Di sana dituliskan Rosihan Anwar: “…Segalanya ini menimbulkan kesulitan dalam menceritakan
riwayat Raja Kecil menurut kejadian yang sebenarnya. Dari berbagai versi ini
haruslah dilakukan suatu pemilihan. Untunglah dalam hal ini kita berhadapan
dengan suatu novella-sejarah, dengan accent atau tekanan pada novella, sehingga
di sana-sini terbuka kebebasan yang lumayan bagi pengarang melukiskan bahan
ceritanya”. Pernyataan ini sungguh mengganggu pembacaan novel ini pada hemat
saya. Terkesan seolah-olah karena sulit menuliskan kisah Raja Kecil yang
sebenarnya, maka penyelamatannya adalah menuliskan novel sejarah.
Sastra dan
sejarah sungguh berbeda sebenarnya dalam fungsi dan gayanya. Sastra
menghadirkan sebuah kisah fiksi yang mampu mengajak pembaca berefleksi dan
mengkreasikan sebuah realitas fiksional yang baru. Sedangkan pengetahuan sejarah
adalah pengetahuan untuk memahami masa lalu, yang bisa dijadikan cerminan hari
ini dan hari nanti. Jadi, sungguh sayang bila novel sejarah dianggap sebagai
penyelamatan fakta sejarah yang kabur dan samar-samar. Memang, Rosihan Anwar
menulis sebuah novel di mana dia bisa bebas mengkreasikan kisah. Namun
pernyataan di bagian epilog yang dikutip di atas, mengganggu sungguh atas
sebuah pembacaan novel.
Terlepas dari masalah itu pun, novel Raja Kecil tidak penuh sebagai
sebuah novel. Dalam pengertian, ia tidak mencirikan sebuah novel yang baik.
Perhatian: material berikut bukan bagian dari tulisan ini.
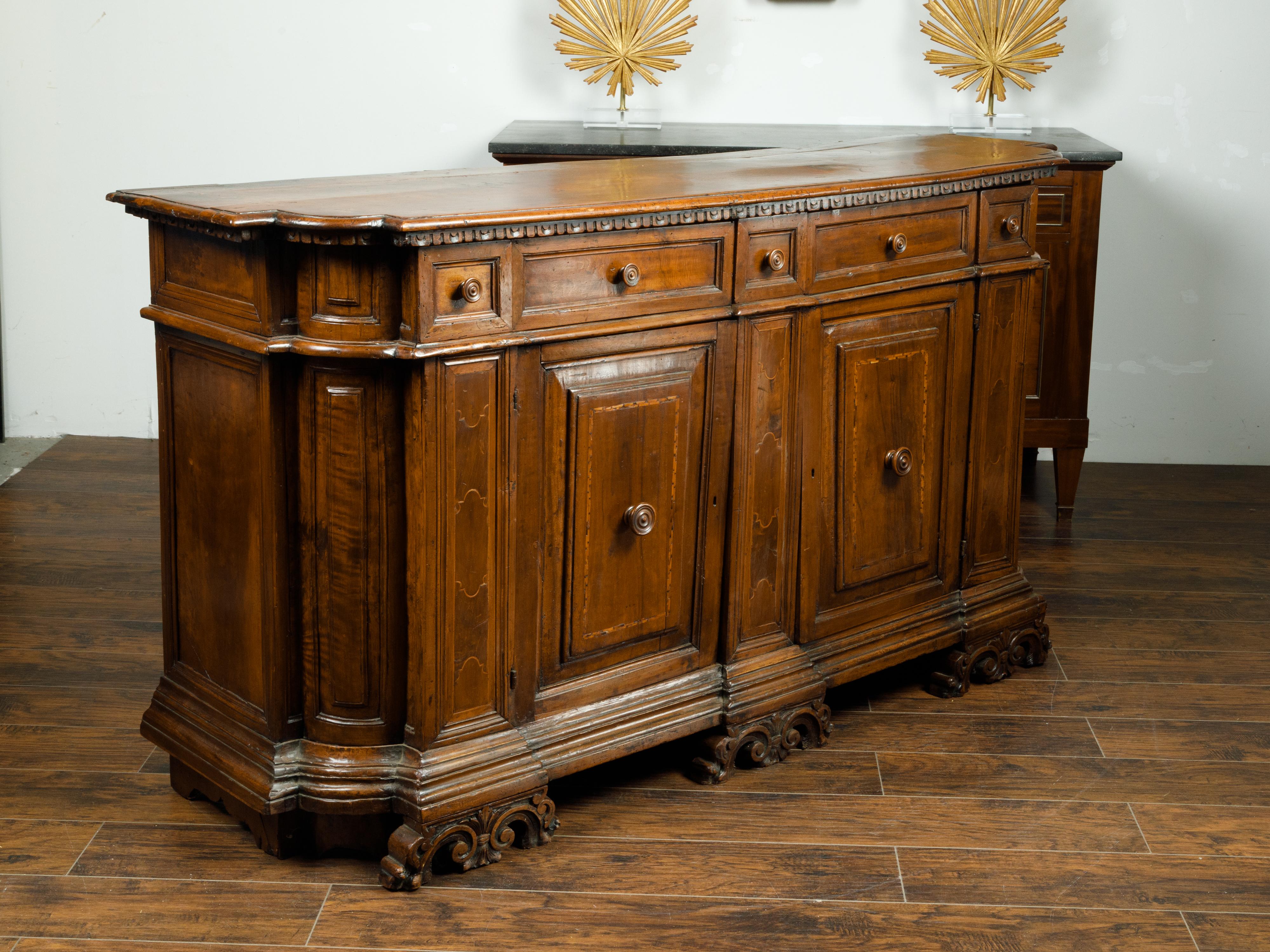 19th Century Italian 1800s Walnut Credenza with Drawers, Doors, Inlay and Foliage Carved Feet For Sale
Walau pun berjudul Raja Kecil, novel ini tidak seratus persen menjadikan tokoh
Raja kecil sebagai sentral cerita. sebagai individu yang utuh. Rosihan Anwar
hanya sekadar menggambarkan Raja Kecil yang di permukaan saja. Siapa dia,
kedudukannya, sepak terjangnya dalam perang dan beberapa hal yang tidak
personal lainnya. Namun, hal-hal personal seperti perasaannya, dialog-dialog
batin dan visi hidupnya tidak dieksplorasi secara mendalam dalam novel ini.
Maka, novel ini terkesan hanya sebagai review saja dari sepak terjang Raja
Kecil dalam kedudukannya sebagai seorang raja.
Berbeda misalnya
bila kita membaca Dokter Zhivago—sebuah novel sejarah juga saya kira—di mana
tokoh sentral ada pada Yuri Zhivago. Dalam Raja Kecil, seperti yang pernah
diungkapkan juga oleh Ajip Rosidi dalam Pelopor Baru (16/7/97), tokoh Raja
Kecil tidak mengambil posisi seperti posisi Yuri Zhivago dalam Dokter Zhivago.
Meskipun demikian, novel ini sungguh
berhasil dalam hal menggambarkan keadaan perniagaan Selat Malaka di tahun
1770-an, kehidupan di kota-kota pelabuhannya dan juga kehidupan para bangsawan,
para perompak dan juga perpolitikan antar suku yang suka mengembara di perairan
nusantara. Bagaiamana kelompok pelaut bugis muncul yang dianggap oleh
kebanyakan orang hanya bis berkelahi, dan bagaimana perpolitikan mereka di
wilayah perniagaan nusantara adalah salah satu contoh keberhasilan novel ini.
Akhirul kalam, novel Raja Kecil
patut kita beri tempat yang layak karena keberaniannya mengangkat setting dan
latar cerita dari sebuah kurun waktu yang sudah samara-samar diketahui. Rosihan
Anwar berhasil menerawang sebuah keadaan masyarakat maritim dan kegiatan
maritim nusantara di era 1770-an, ia berhasil menerawang hingga 2 abad lalu
(buku ini sendiri diterbitkan tahun 1967). Keberhasilan mengangkat dan
menggambarkan keadaan masyarakat dan keadaan perniagaan maritime zaman itu,
sayang tak diiringi keberhasilannya dalam membangun tokoh cerita yang
benar-benar bulat, yang benar-benar menampilkan dirinya sebagai tokoh manusia
seutuhnya.
*Catatan: dipublikasikan di "PendarPena Edisi 11 Oktober 2008 Tahun I" - "Tema: Maritim Nusantara".